13C-labeled glucose combined with chromatography and mass spectrometry enables us to decipher the percentage of lactate generated from various metabolic pathways. We showed that lactate derived from glycolysis, pentose phosphate pathway, Krebs cycle, and other sources accounted for 82-90%, 6.0-11%, 0.67-1.8% and 1.5-7.9%, respectively, depending on different types of cells. When using glucose isotopomers ([1-13C]-, [3-13C]-, [4-13C]-, and [6-13C]glucose) or isotopologues ([1,2-13C2]- and [1,2,3-13C3]glucose) for tracing, the ratio of lactate derived from glucose carbon 1, 2, 3 over 4, 5, 6 via glycolysis varied significantly, ranging from 1.6 (traced with [1,2-13C2]glucose) to 0.85 (traced with [6-13C]glucose), but the theoretical ratio should be 1. The odd results might be caused by intramolecular 13C, which may significantly affect lactate fragmentation under tandem mass spectrometry condition, leading to erroneous quantification. Indeed, the fragmentation efficiency of [U-13C]lactate, [2,3-13C]lactate, and [3-13C]lactate were 1.4, 1.5 and 1.2 folds higher than lactate, respectively, but [1-13C]lactate was similar to lactate, suggesting that carbon-13 at different positions could differentially influence lactate fragmentation. This observed phenomenon was inconsistent with the data based on theoretical calculation, according to which activation energies for all lactate isotopomers and isotopologues are nearly identical. The inconsistency suggested a need for further investigation. Our study suggests that calibration is required for quantifying metabolite isotopolugues and isotopomers.
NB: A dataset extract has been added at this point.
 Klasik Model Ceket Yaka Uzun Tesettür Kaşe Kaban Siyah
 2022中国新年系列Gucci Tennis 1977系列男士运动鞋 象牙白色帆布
Lactic acidosis switches cancer cells from aerobic glycolysis back to dominant oxidative phosphorylation.

While transformation of normal cells to cancer cells is accompanied with a switch from oxidative phosphorylation (OXPHOS) to aerobic glycolysis, it is interesting to ask if cancer cells can revert from Warburg effect to OXPHOS. Our previous works suggested that cancer cells reverted to OXPHOS, when they were exposed to lactic acidosis, a common factor in tumor environment. However, the conclusion cannot be drawn unless ATP output from glycolysis and OXPHOS is quantitatively determined. Here we quantitatively measured ATP generation from glycolysis and OXPHOS in 9 randomly selected cancer cell lines. Without lactic acidosis, glycolysis and OXPHOS generated 23.7% - 52.2 % and 47.8% - 76.3% of total ATP, respectively; with lactic acidosis (20 mM lactate with pH 6.7), glycolysis and OXPHOS provided 5.7% - 13.4% and 86.6% - 94.3% of total ATP. We concluded that cancer cells under lactic acidosis reverted from Warburg effect to OXPHOS phenotype.